How to complete this task: Could you reproduce the lines below from the one with "The XBOT GO" through the one with "The unit is set"? Keep both ends and add nothing.

=== Begin Enclosure ===

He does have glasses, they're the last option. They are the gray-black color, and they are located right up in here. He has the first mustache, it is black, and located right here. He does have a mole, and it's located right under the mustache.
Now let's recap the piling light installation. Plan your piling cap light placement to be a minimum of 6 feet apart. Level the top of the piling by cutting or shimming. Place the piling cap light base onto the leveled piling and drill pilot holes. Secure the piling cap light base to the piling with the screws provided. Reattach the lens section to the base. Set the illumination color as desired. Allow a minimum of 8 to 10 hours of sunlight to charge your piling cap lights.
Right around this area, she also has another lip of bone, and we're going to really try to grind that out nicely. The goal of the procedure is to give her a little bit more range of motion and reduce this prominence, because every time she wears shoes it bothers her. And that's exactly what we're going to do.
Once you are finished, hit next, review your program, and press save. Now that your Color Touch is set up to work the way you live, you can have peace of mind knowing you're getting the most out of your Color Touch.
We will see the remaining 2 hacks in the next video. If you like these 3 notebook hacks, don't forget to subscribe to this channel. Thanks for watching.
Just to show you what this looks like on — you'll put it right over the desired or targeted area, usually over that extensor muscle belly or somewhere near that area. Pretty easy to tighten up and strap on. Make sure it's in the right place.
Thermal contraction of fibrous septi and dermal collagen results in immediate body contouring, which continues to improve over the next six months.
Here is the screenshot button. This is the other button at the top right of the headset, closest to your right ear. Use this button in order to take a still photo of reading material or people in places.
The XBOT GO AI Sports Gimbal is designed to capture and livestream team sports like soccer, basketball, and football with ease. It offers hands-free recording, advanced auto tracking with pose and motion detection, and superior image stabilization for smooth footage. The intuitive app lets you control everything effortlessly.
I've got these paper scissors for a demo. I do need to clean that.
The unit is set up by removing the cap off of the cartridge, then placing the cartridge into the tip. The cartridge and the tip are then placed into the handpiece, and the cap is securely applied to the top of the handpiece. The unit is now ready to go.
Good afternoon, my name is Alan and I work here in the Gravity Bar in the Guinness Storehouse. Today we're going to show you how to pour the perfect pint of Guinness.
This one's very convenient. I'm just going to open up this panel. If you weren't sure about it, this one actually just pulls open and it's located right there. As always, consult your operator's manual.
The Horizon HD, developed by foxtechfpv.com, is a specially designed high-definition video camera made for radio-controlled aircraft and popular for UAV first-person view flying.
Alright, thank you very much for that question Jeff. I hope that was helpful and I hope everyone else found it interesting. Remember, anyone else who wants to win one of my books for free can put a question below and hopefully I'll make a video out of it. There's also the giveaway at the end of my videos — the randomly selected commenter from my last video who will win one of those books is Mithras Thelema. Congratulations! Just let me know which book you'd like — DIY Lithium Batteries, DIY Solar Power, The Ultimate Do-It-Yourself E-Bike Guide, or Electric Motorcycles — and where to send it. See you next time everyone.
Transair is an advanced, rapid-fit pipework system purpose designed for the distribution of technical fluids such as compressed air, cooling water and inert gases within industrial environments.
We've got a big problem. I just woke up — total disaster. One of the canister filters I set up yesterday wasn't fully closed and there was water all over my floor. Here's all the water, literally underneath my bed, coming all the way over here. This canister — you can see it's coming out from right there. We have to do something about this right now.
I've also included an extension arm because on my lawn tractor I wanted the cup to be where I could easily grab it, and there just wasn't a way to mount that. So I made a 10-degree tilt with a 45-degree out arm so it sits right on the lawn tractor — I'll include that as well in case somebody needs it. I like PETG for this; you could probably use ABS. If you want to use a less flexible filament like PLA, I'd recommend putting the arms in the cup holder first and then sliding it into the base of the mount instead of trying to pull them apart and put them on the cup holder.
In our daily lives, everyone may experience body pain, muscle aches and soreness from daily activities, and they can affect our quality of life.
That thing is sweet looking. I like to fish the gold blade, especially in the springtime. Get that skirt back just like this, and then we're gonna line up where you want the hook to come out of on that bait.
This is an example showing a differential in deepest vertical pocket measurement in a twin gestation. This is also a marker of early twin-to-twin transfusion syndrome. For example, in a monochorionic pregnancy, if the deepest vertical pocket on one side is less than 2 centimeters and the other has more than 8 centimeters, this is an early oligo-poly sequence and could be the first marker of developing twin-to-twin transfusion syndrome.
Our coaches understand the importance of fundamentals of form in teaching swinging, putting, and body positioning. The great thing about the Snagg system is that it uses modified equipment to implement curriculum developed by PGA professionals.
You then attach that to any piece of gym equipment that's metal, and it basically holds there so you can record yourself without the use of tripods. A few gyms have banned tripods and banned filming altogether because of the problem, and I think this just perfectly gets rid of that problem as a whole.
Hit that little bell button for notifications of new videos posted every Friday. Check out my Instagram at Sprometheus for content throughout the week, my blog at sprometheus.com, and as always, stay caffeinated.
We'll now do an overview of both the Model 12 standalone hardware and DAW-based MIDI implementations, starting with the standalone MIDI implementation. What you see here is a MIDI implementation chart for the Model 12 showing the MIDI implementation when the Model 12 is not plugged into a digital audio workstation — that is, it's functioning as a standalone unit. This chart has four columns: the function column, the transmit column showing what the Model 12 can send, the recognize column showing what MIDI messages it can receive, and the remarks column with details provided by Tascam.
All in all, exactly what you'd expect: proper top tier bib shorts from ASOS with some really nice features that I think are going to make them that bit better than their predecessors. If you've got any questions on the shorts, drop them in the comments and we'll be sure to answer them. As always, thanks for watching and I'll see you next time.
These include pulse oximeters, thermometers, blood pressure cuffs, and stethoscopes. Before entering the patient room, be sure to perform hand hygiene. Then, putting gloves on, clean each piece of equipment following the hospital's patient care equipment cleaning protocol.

=== End Enclosure ===

Answer for the task:
The XBOT GO AI Sports Gimbal is designed to capture and livestream team sports like soccer, basketball, and football with ease. It offers hands-free recording, advanced auto tracking with pose and motion detection, and superior image stabilization for smooth footage. The intuitive app lets you control everything effortlessly.
I've got these paper scissors for a demo. I do need to clean that.
The unit is set up by removing the cap off of the cartridge, then placing the cartridge into the tip. The cartridge and the tip are then placed into the handpiece, and the cap is securely applied to the top of the handpiece. The unit is now ready to go.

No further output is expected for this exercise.